I promise I will not spend the next 232 days - between now and election day - writing about how the mid-terms are going to turn out. You know my record for prognostication. It's dreadful.
Nevertheless, here is what I Tweeted yesterday afternoon:
@richgalen Gallup Obama Approval 3-day track = 39-55. One year ago was 50-43. Reason enough for Dems to worry. http://bit.ly/6v3JWW
There is not much statistical difference between an approval rating of 42 and 39 (and it is likely to bounce within that range) but, the psychology of one being in the 40s and the other in the 30s is huge.
There is a reason cars are priced at $25,999 and not $26,001.
Going from a +7 (50-43) to a -16 (39-55) may be a numerical swing of 23 points, but it is a political swing of biblical proportions.
On Sunday the number, indeed, crawled back to 40-54.
We know that President Obama doesn't have much use for the U.S. Congress. He wasn't there very long, and while he was he didn't do much, and didn't make many friends.
But, he got to be President of the United States and none of the 535 members of the House or Senate can say that.

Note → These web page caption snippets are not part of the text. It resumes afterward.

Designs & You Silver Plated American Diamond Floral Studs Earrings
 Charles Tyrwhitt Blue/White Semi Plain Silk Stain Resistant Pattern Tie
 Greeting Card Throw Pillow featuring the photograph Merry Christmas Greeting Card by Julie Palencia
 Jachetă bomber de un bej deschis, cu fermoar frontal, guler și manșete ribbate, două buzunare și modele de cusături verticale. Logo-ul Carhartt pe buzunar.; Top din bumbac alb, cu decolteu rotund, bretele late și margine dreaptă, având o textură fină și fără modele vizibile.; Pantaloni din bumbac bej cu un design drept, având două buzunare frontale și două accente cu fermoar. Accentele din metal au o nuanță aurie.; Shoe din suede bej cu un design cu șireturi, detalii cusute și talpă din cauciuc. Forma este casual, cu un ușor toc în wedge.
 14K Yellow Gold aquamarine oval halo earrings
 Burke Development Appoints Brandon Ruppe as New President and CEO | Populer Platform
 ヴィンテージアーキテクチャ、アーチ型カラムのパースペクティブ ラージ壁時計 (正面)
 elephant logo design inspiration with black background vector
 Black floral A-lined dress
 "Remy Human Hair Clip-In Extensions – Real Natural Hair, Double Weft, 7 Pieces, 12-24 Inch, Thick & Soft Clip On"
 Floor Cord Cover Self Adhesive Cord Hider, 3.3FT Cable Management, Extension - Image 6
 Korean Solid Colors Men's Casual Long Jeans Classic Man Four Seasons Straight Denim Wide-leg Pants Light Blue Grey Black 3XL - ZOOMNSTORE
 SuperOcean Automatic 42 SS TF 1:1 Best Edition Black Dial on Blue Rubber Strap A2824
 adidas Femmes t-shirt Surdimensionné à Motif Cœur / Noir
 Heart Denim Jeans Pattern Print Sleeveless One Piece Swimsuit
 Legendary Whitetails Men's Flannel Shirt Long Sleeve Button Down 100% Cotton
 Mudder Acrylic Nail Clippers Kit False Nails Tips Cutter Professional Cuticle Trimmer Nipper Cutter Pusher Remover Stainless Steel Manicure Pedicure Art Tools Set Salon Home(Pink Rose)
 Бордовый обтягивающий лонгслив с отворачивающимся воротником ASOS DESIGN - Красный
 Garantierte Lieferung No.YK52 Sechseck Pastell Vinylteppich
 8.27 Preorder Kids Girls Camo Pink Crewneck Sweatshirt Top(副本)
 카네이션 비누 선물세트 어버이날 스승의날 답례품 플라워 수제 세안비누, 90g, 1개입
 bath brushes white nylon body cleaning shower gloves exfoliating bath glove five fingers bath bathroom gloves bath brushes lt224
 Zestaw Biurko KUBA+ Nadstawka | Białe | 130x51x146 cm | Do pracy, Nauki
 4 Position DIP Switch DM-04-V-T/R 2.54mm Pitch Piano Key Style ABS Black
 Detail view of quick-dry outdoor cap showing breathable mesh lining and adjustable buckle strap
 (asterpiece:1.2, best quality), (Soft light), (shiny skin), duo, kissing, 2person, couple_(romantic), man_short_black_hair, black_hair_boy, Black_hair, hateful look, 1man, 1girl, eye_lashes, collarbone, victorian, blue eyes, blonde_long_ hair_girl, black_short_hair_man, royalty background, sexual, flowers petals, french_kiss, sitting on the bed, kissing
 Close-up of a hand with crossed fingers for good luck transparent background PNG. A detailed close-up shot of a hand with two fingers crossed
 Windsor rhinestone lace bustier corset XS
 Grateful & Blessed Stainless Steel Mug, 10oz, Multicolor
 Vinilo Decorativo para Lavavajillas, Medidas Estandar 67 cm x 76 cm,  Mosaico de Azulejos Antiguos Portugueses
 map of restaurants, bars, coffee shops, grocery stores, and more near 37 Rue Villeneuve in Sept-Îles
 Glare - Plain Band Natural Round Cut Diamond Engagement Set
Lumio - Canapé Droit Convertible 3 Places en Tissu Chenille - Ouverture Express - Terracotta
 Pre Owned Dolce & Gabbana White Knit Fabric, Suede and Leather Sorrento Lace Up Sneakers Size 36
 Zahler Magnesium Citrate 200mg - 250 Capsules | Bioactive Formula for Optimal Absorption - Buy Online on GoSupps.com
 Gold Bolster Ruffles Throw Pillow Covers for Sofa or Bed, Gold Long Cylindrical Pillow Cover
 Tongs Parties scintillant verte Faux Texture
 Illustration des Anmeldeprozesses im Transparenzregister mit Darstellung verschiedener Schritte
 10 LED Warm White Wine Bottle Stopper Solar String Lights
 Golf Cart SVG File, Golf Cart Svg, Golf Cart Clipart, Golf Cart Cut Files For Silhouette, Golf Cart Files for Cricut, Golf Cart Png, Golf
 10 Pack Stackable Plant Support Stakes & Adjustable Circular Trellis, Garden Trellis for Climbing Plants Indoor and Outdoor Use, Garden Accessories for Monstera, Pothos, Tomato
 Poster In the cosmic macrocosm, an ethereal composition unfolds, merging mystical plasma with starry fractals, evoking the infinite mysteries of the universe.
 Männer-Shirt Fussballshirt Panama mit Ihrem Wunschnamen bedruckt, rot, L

President Obama has used up his political capital. The cupboard is bare. His distain for the Article I branch is exceeded only by his dislike of the Article III branch. While people thought he was at least trying to do the right thing they gave him the benefit of the doubt.
But that benefit - like many health care benefits - have disappeared.
The business in Ukraine is, if only because of newness and rawness of the vote in Crimea yesterday, an excellent example of why the country has lost faith in the Obama Presidency.
The Russians reported last night that, with about 50 percent of the ballots the Crimean referendum counted, 95.5 percent were in favor of leaving Ukraine and joining Russia.
Are we going to war over Crimea? No. Nor, over any other provinces of Ukraine that Russia might move into. America is more isolationist than any time since the period between World Wars I and II.
Having Secretary of State John Kerry in hours-long conversations with his Russian counterpart only to have the Russian say afterwards that there was "no common vision" is not a show of strength.
I don't know how much Russian President Vladimir Putin was emboldened by President Obama's indecisiveness on Syria (remember the red line?) but it doesn't appear to have made him stroke his chin and wonder if he could risk annexing Crimea.